これに対し、表2の比較例1や2に示すように、海成分の溶解除去後に、ウォータージェットパンチ処理を実施しない場合、シート状物の空隙率、および高分子弾性体の割合が大きくなるため、しなやかな風合いで、粗い表面外観を有するシート状物となる。
表1の実施例1と実施例4および実施例2と実施例5に示すように、成分と加工条件が同一の場合、平均単繊維直径が小さいほど、緻密に繊維が積層して、シート状物の空隙率は10%以下、剛軟度は140mm以上となり、より硬質で緻密な表面外観を有するシート状物となる。
また、表1の実施例1と実施例9に示すように、短繊維不織布および長繊維不織布のいずれを使用しても、硬質で緻密な表面外観を有するシート状物を得ることができるが、短繊維不織布をした場合、硬質で非常に緻密な表面外観を有するシート状物となる。
本発明のシート状物は、コードバン調の緻密で高級感のある表面外観と硬質な素材感を有しており、家具、椅子および車両内装材から衣料用途まで幅広く用いることができる。

Claims (7)

  1. 繊維絡合体からなる不織布と高分子弾性体からなるシート状物であって、前記高分子弾性体の割合が0.01質量%以上10質量%以下であり、かつシート状物の断面の空隙率が0.1%以上20%以下であることを特徴とするシート状物。
  2. 前記不織布を構成する繊維の平均繊維長が15mm以上90mm以下である、請求項1に記載のシート状物。
  3. 前記シート状物の厚み方向の断面SEM画像において、シート状物0.5mmに相当する画像領域に対し、高分子弾性体の画像領域が0.00001mm相当以上0.05mm相当以下である、請求項1または2に記載のシート状物。
  4. 剛軟度が50mm以上180mm以下である、請求項1〜3のいずれかに記載のシート状物。
  5. 前記シート状物の断面の空隙率の変動係数(CV)が30%以下である、請求項1〜4のいずれかに記載のシート状物。
  6. 前記不織布を構成する繊維が、ポリエチレンテレフタレート、ポリアミド6およびその共重合体から選ばれた少なくとも1種を素材とするものであることを特徴とする、請求項1〜5のいずれかに記載のシート状物。

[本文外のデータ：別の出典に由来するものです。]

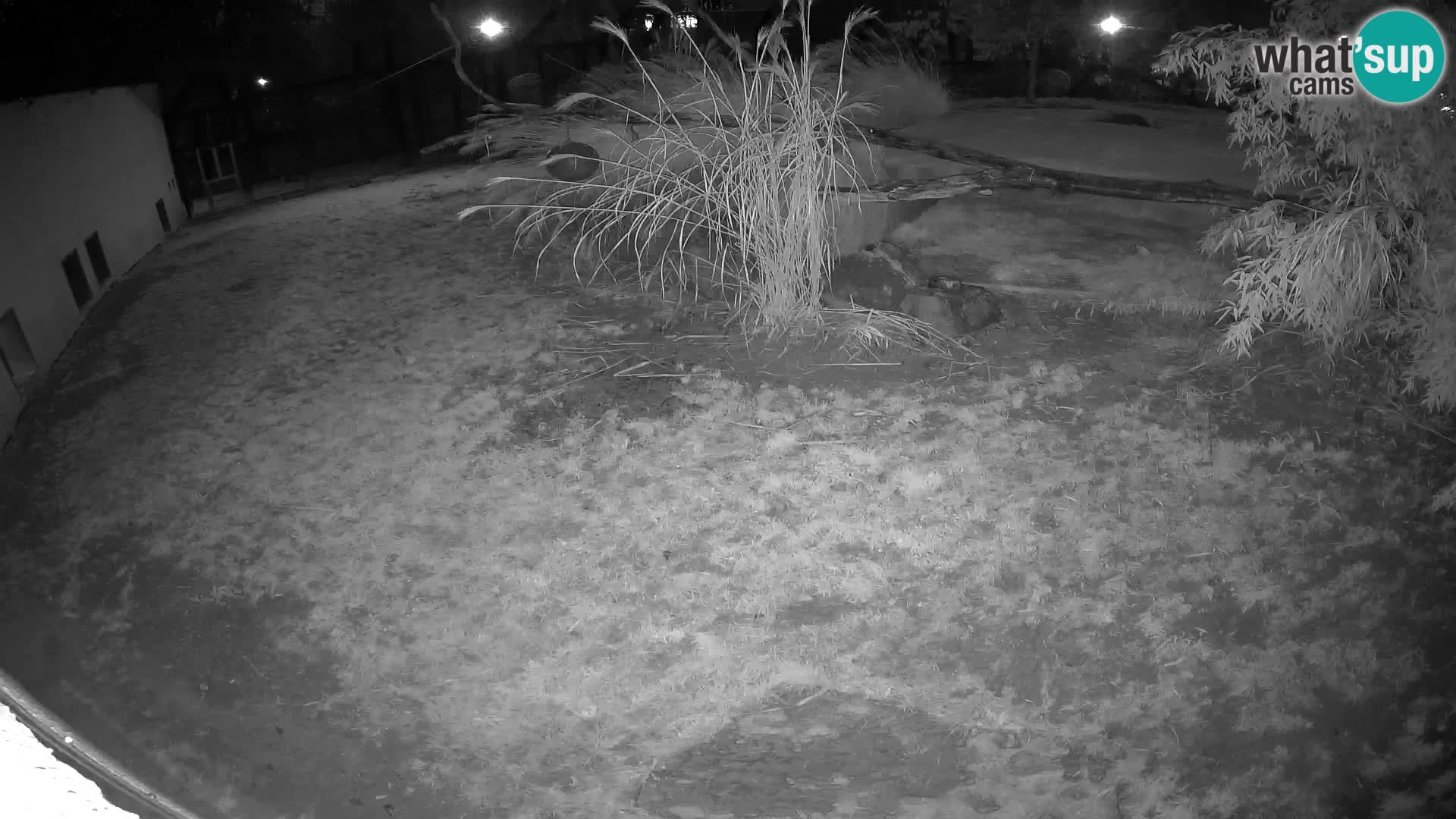 LEONE live Webcam nello zoo di Lubiana – Slovenia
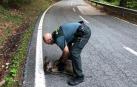 Localizada una cría de ciervo en la carretera de Eugi
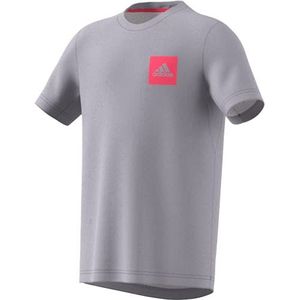 adidas JB TR Aero T-shirt voor kinderen, 1 stuks, Grijs/roze (Griglo/Rozen)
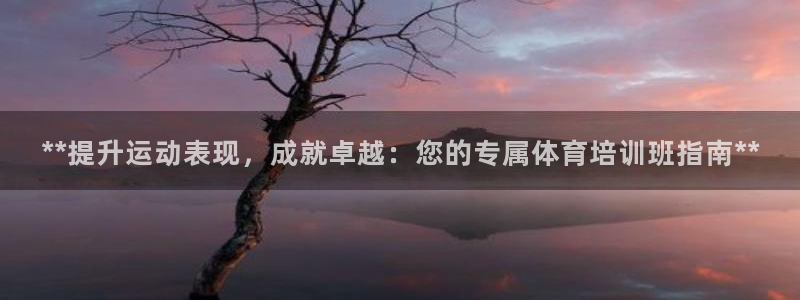极悦平台注册：**提升运动表现，成就卓越：您的专属体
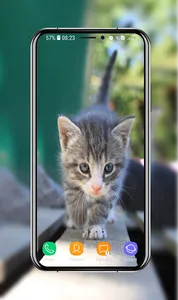 Kitten Wallpapers screenshot 5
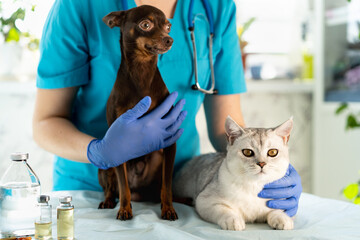 Vet examining dog and cat. Puppy and kitten at veterinarian doctor. Pet check up and vaccination....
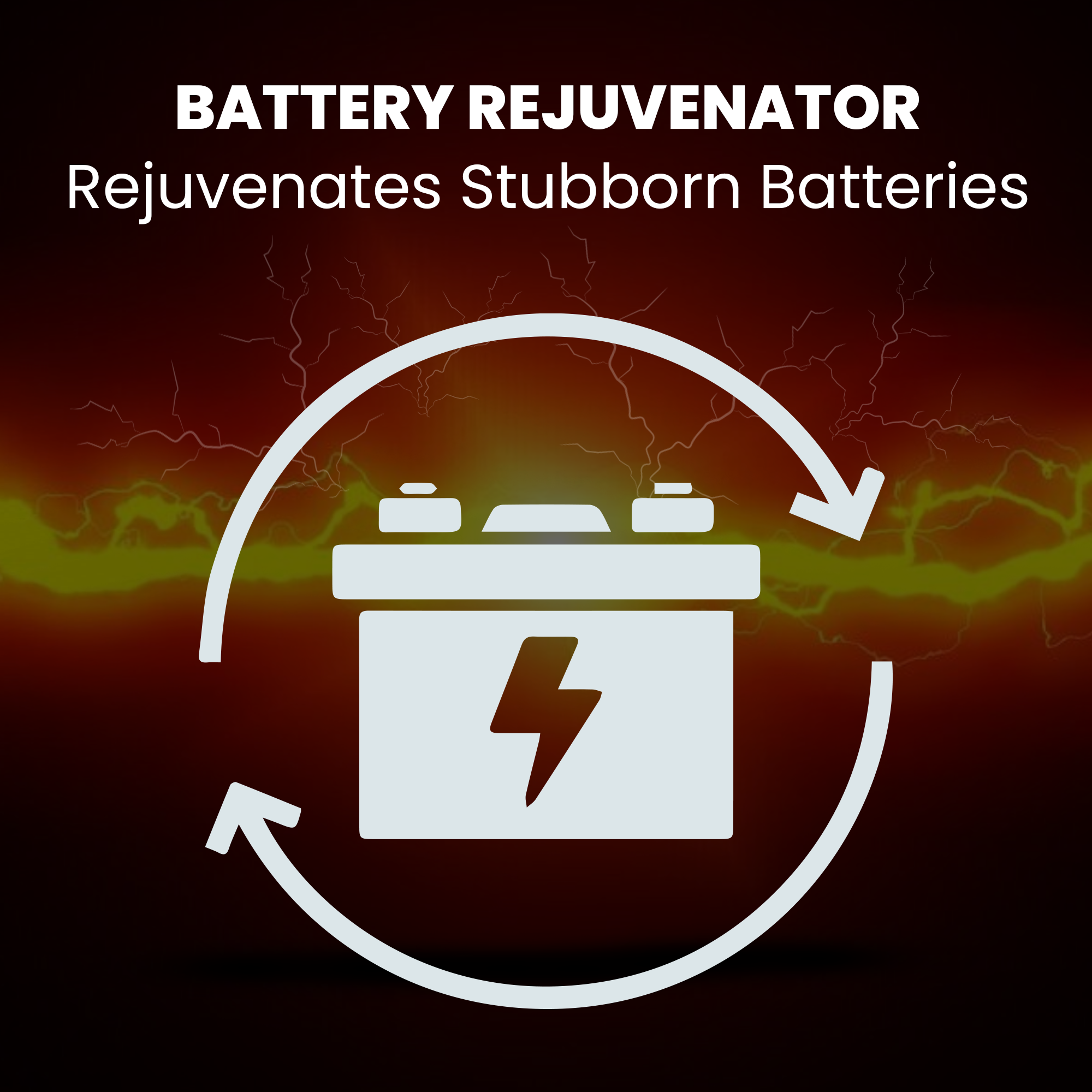6V/12V Trickle Charger - Battery Maintainer & Rejuvenator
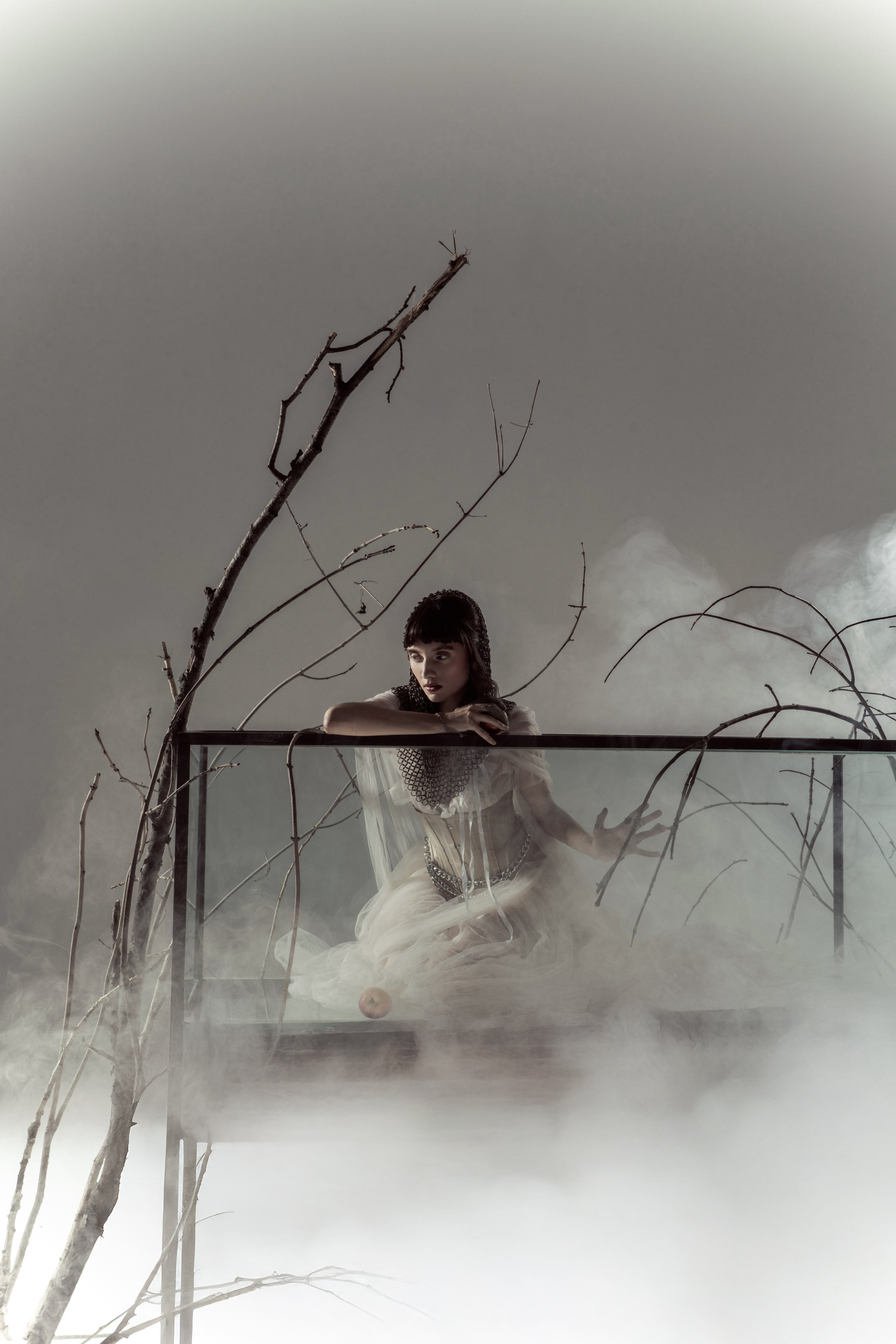Белоснежка. Фотограф Anita Mivchas
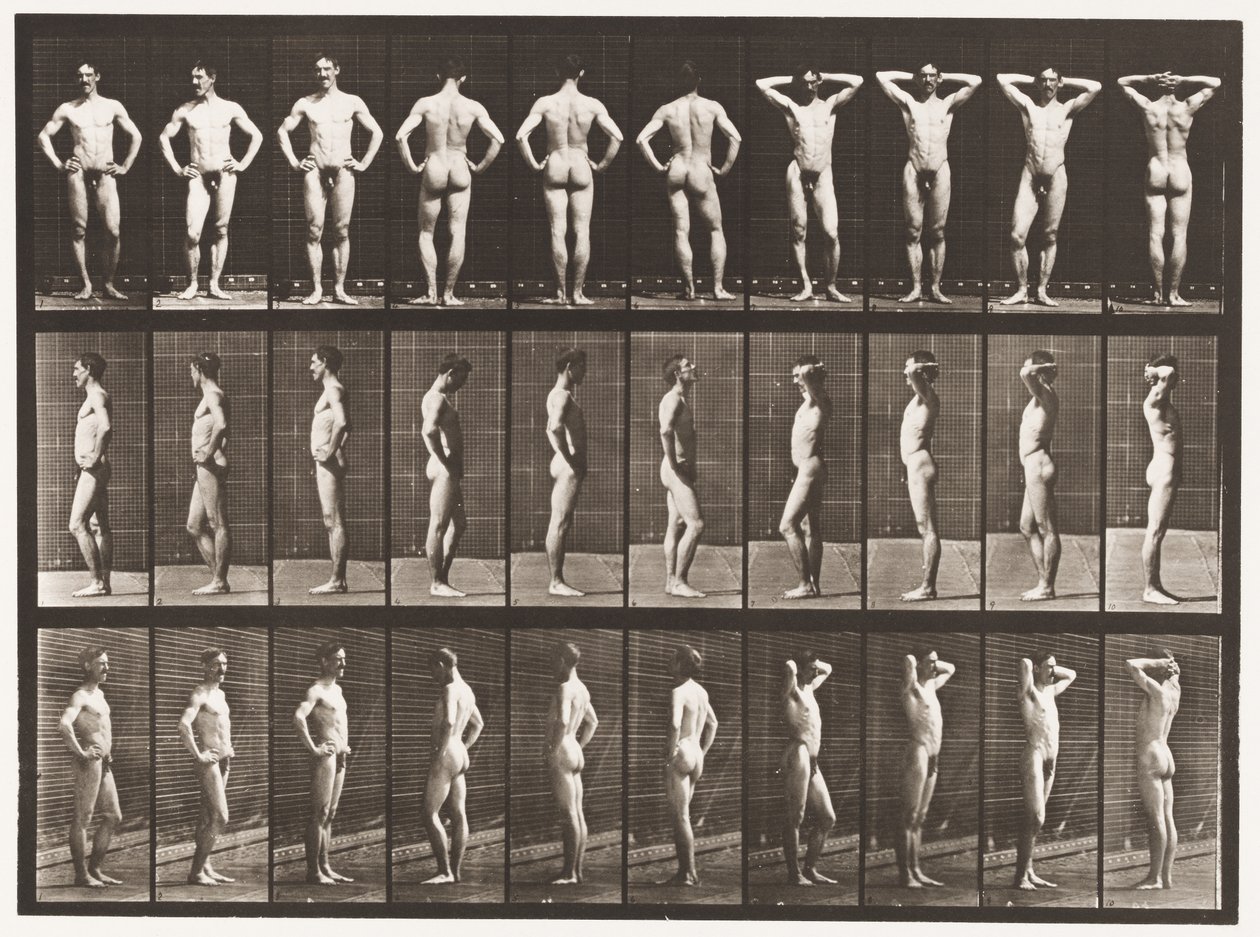 Plaka 530. Çeşitli Pozlar by Eadweard Muybridge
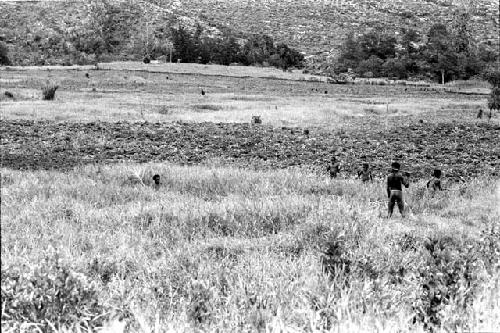 Boys hunting small birds with throwing sticks in Wagel grass strip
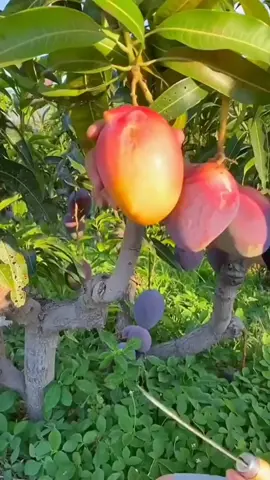 Satisfying mangoes cutting#fyp #freshfruit #satisfying #fypシ #asmr #mango 
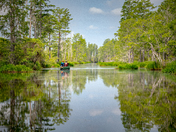 Okefenokee National Wildlife Refuge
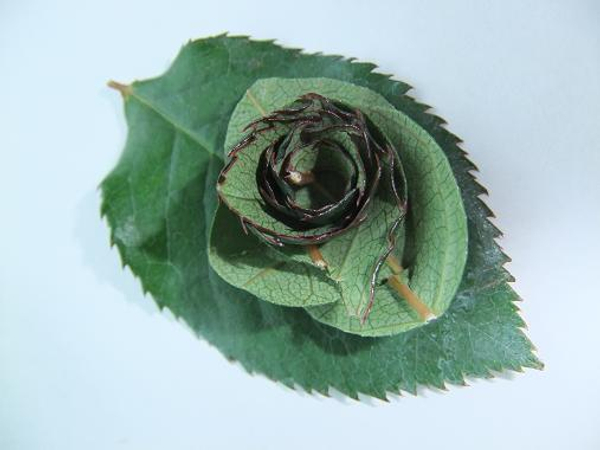Rose leaf 1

  7. (a)不織布(繊維絡合体)形成工程と、(b)不織布緻密化工程を含むシート状物の製造方法であって、
    前記(a)不織布(繊維絡合体)形成工程は、沸騰水収縮率が20%以上40%以下である原綿からなる繊維ウェブをニードルパンチ処理して不織布を形成する工程であって、
    前記(b)不織布緻密化工程は、前記不織布を1MPa以上60MPa以下の圧力でウォータージェットパンチ処理をする工程である、
    シート状物の製造方法。